From the material below, set down exactly the lines that run from the one containing "Escalera y pasillo" to the one containing "a bedroom with a bed with", minus the pictures.

◆ **SOURCE RECORDS**:
_ _ _ _

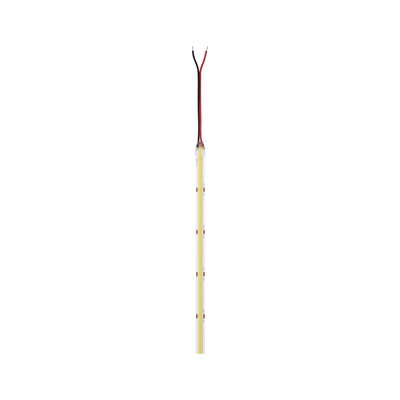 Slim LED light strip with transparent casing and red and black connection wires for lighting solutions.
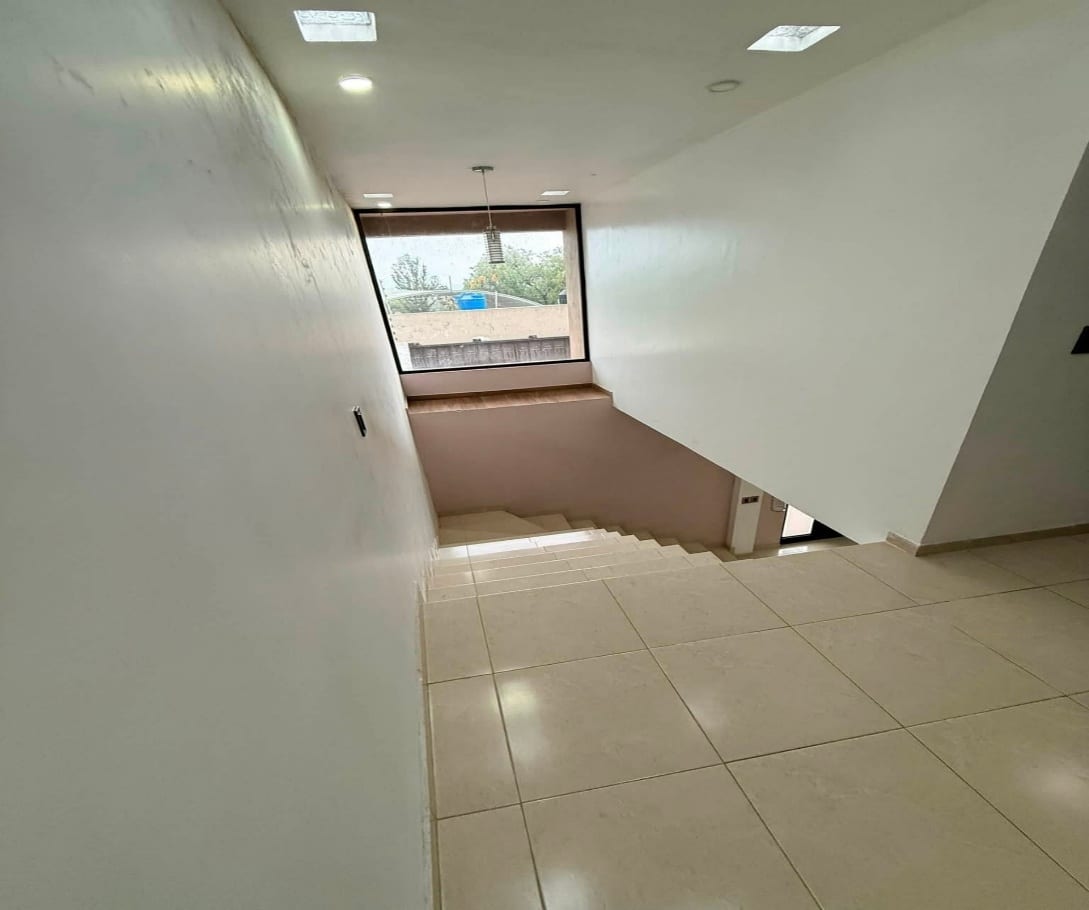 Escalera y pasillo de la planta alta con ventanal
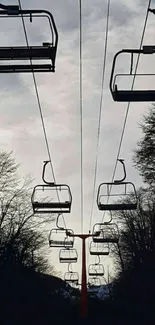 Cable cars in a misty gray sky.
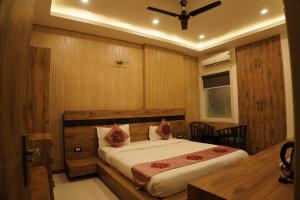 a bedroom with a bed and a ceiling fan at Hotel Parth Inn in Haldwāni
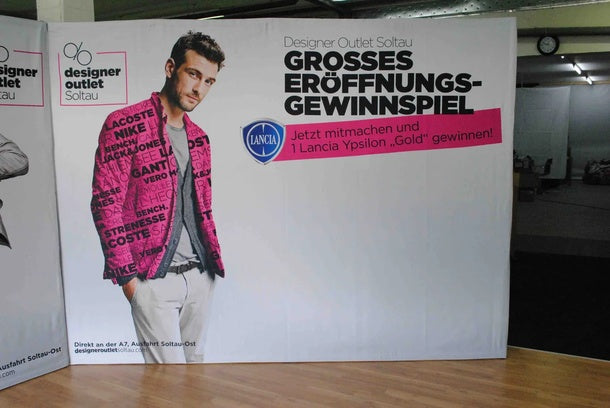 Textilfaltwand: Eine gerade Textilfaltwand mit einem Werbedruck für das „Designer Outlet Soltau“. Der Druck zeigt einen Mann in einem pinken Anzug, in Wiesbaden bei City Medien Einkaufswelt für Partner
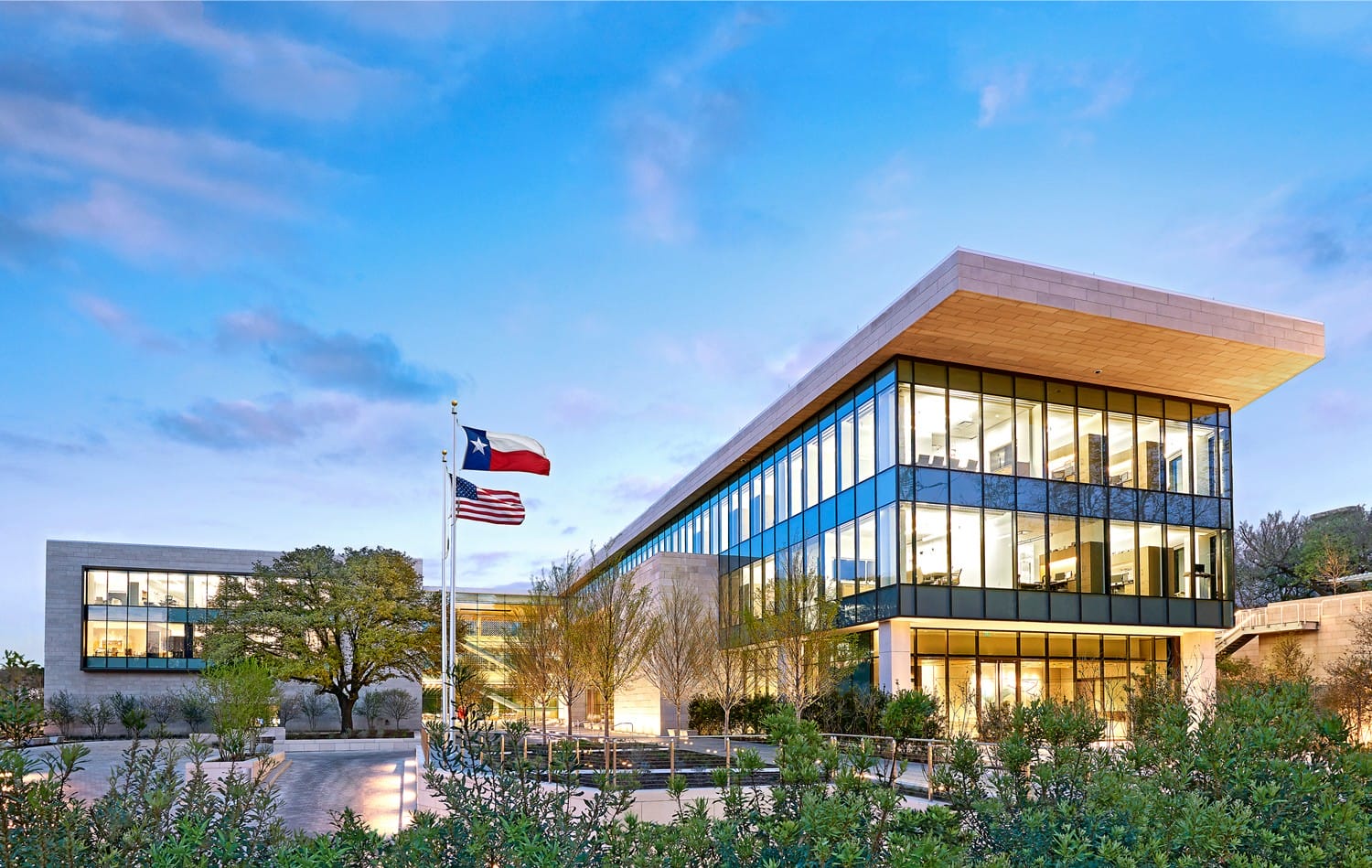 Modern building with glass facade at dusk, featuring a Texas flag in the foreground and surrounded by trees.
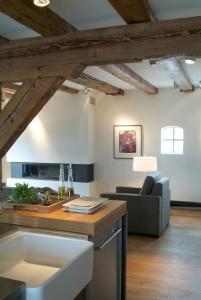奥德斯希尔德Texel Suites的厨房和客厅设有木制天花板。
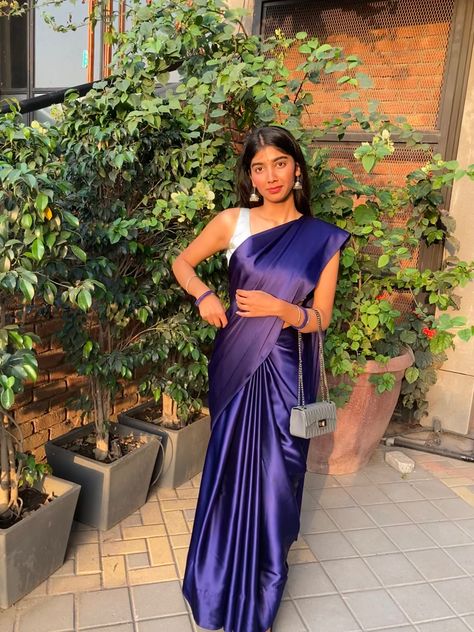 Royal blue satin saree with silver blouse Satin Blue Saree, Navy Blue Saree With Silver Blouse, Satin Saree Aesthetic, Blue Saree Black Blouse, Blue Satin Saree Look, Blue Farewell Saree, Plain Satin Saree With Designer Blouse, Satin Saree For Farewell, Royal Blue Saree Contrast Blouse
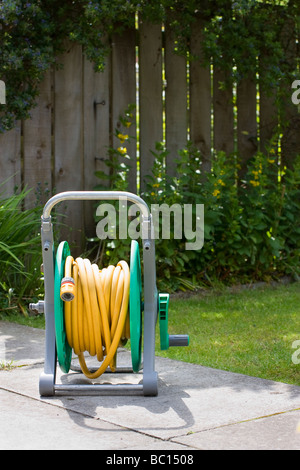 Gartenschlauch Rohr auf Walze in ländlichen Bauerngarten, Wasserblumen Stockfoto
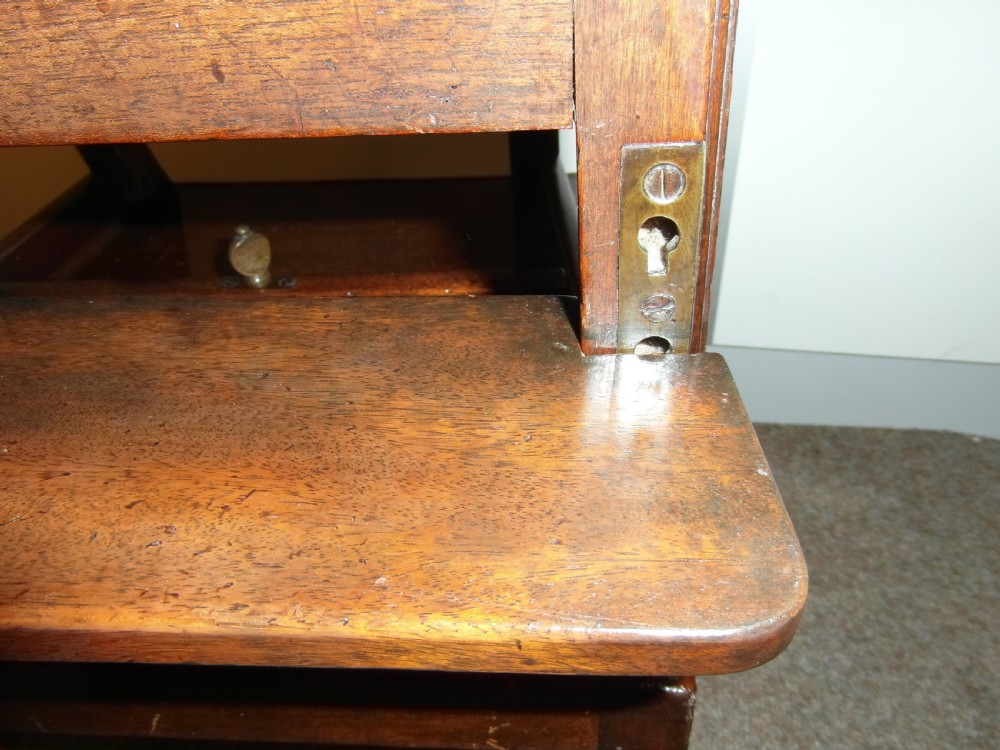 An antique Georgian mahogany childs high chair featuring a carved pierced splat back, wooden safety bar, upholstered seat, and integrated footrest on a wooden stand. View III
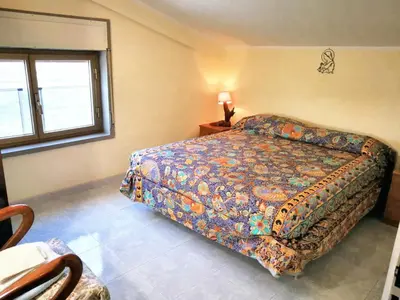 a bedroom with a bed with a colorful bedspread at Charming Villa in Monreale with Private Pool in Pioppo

_ _ _ _

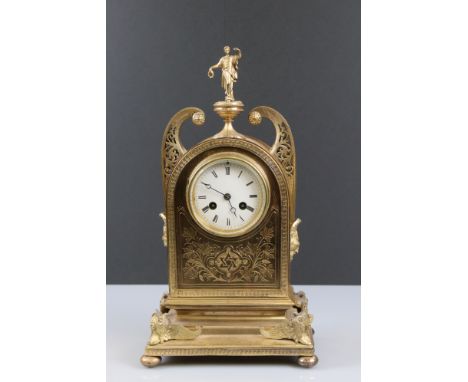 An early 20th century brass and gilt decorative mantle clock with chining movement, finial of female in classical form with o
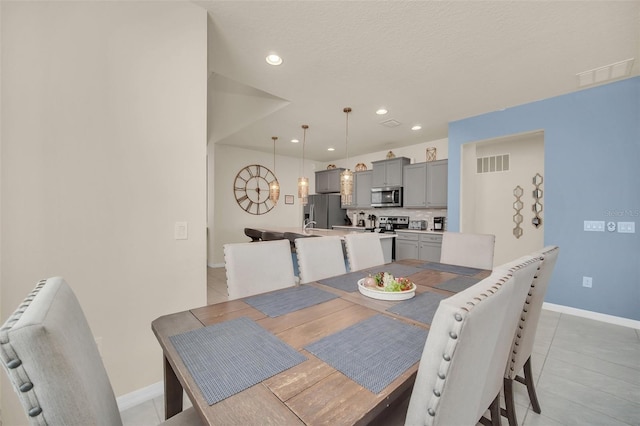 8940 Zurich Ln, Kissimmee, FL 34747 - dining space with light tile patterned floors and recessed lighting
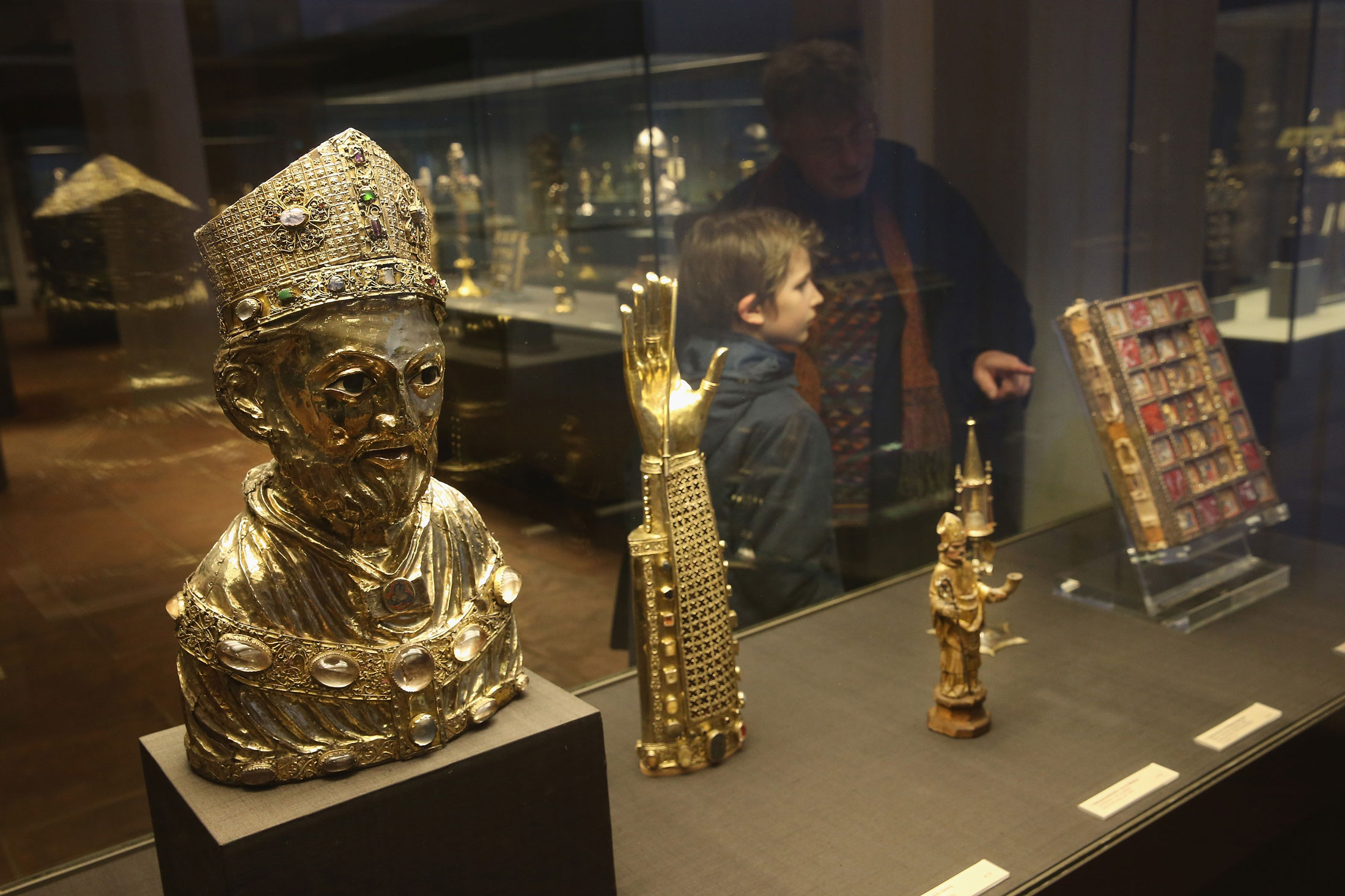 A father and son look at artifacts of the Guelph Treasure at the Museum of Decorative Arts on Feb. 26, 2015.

_ _ _ _

◆ **TASK RESULT**:
 Escalera y pasillo de la planta alta con ventanal
 Cable cars in a misty gray sky.
 a bedroom with a bed and a ceiling fan at Hotel Parth Inn in Haldwāni
 Textilfaltwand: Eine gerade Textilfaltwand mit einem Werbedruck für das „Designer Outlet Soltau“. Der Druck zeigt einen Mann in einem pinken Anzug, in Wiesbaden bei City Medien Einkaufswelt für Partner
 Modern building with glass facade at dusk, featuring a Texas flag in the foreground and surrounded by trees.
奥德斯希尔德Texel Suites的厨房和客厅设有木制天花板。
 Royal blue satin saree with silver blouse Satin Blue Saree, Navy Blue Saree With Silver Blouse, Satin Saree Aesthetic, Blue Saree Black Blouse, Blue Satin Saree Look, Blue Farewell Saree, Plain Satin Saree With Designer Blouse, Satin Saree For Farewell, Royal Blue Saree Contrast Blouse
 Gartenschlauch Rohr auf Walze in ländlichen Bauerngarten, Wasserblumen Stockfoto
 An antique Georgian mahogany childs high chair featuring a carved pierced splat back, wooden safety bar, upholstered seat, and integrated footrest on a wooden stand. View III
 a bedroom with a bed with a colorful bedspread at Charming Villa in Monreale with Private Pool in Pioppo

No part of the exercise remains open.